Par Pascal ELLUL Directeur de cabinet parlementaire et représentant départemental de Nouvelle Énergie
« C’est gratuit, c’est Nicolas qui paie. » Cette expression, devenue virale sur les réseaux sociaux, résume à elle seule l’exaspération d’une génération entière face à un système fiscal français qui a dérivé vers la confiscation pure et simple. Derrière ce mème grinçant se cache une réalité brutale : nous avons créé un monstre redistributif qui sacrifie les classes moyennes et les jeunes actifs sur l’autel d’un égalitarisme destructeur.
Le mythe de l’égalité par l’appauvrissement
Les chiffres sont têtus, même quand ils dérangent : la France est déjà l’un des pays les plus égalitaires au monde. Nos mécanismes redistributifs réduisent les inégalités de revenus de 25%, soit 10% de plus que la médiane européenne. Le rapport entre les 20% les plus aisés et les 20% les plus modestes passe de 8,4 avant redistribution à 4,3 après. Pour les déciles extrêmes, nous passons de 22,3 à 6,5.

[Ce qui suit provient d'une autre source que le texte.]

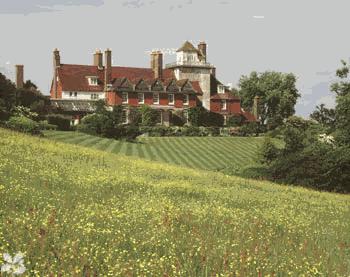 " Club Outing Sunday 19th September 2010 to Standen, Sussex Mike Bottomley Standen is a National Trust property (but non Trust members will receive free admission) which was built in 1892 4 for a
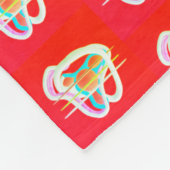 Rot mit kleinen Kunstdesigns Fleecedecke (Ecke)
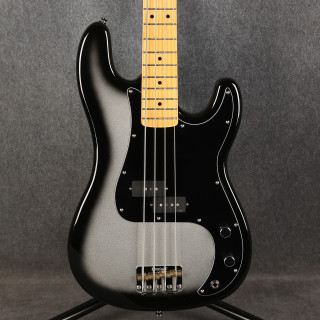 Vintage V4 Reissued Bass - EMG Pickups - Silver Burst - 2nd Hand
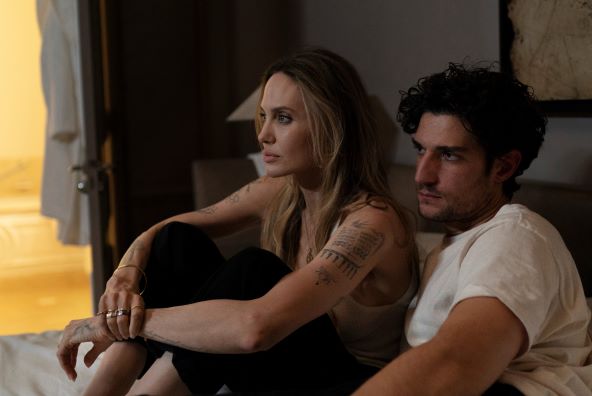 Couture novi film s Angelinom Jolie u glavnoj ulozi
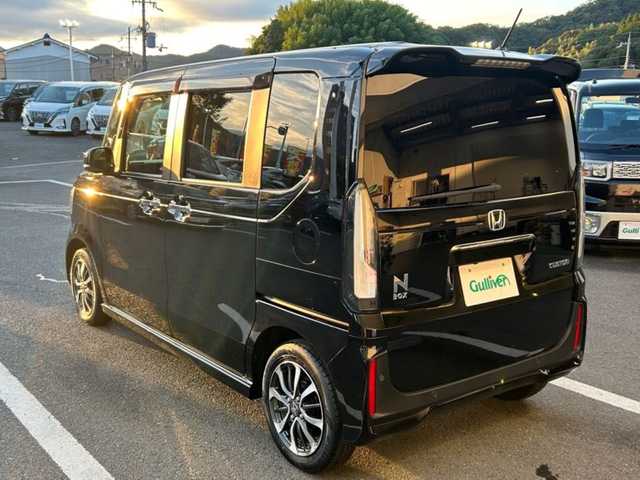 ホンダ Ｎ ＢＯＸ カスタム 京都府 2023(令5)年 2.1万km クリスタルブラックパール 純正８型ナビ　前後ドラレコ　衝突軽減ブレーキ　レーンキープアシスト　クルーズコントロール（追従機能付き）　ＥＴＣ　シートヒーター　両側パワースライドドア　チップアップシート　オートマチックハイビーム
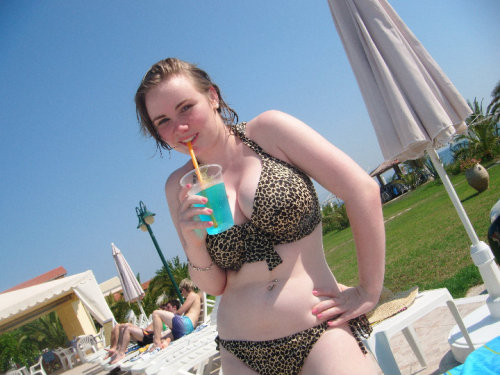 bawbsbeautys: Blue Summer Drinks! And the day by the pool! I&rsquo;d like her slurping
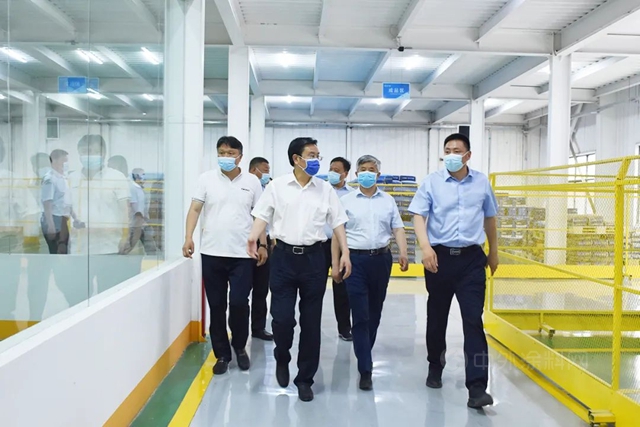 商丘市人大常委會(hui) 副主任、市總工會(hui) 主席姬脈常一行蒞臨(lin) 潔士美調研指導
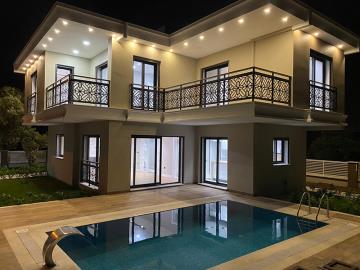1 - Altinkum, Villa / Detached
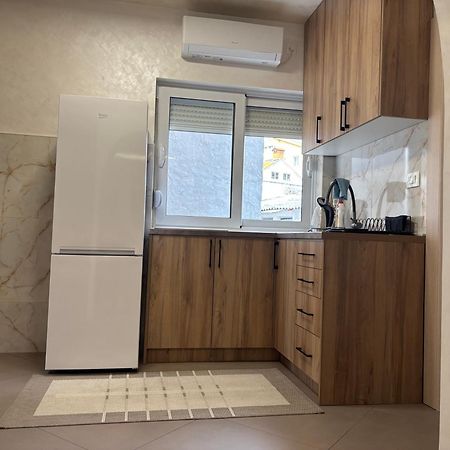 Max Apartments Podgorica Bagian luar foto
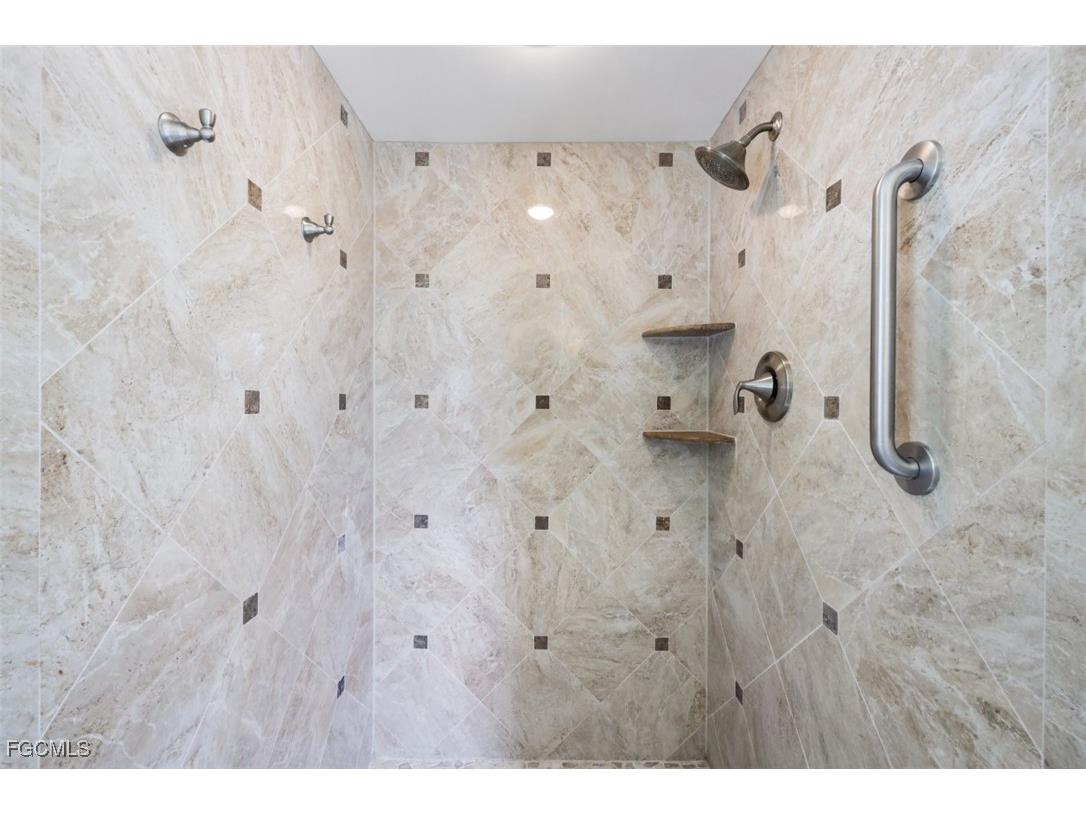 1030 Aqua Lane Fort Myers FL 33919 2026004812 image18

Ces résultats devraient nous réjouir. Ils révèlent au contraire l’impasse idéologique dans laquelle nous nous enfonçons : l’obsession française de croire qu’il faut moins de riches pour avoir moins de pauvres. Cette logique de l’appauvrissement général est non seulement économiquement stupide, mais moralement contestable.
Nicolas, symbole d’une génération sacrifiée
Nicolas, 30 ans, est devenu en quelques mois le symbole viral d’une génération qui se sent pressurisée par un système fiscal dévorant. Ce trentenaire en chemise froissée, l’air dépité, incarne parfaitement cette réalité : 49% des Français ayant les plus bas revenus ne paient que 0,2% de l’impôt sur le revenu, tandis que la charge se concentre massivement sur les classes moyennes actives.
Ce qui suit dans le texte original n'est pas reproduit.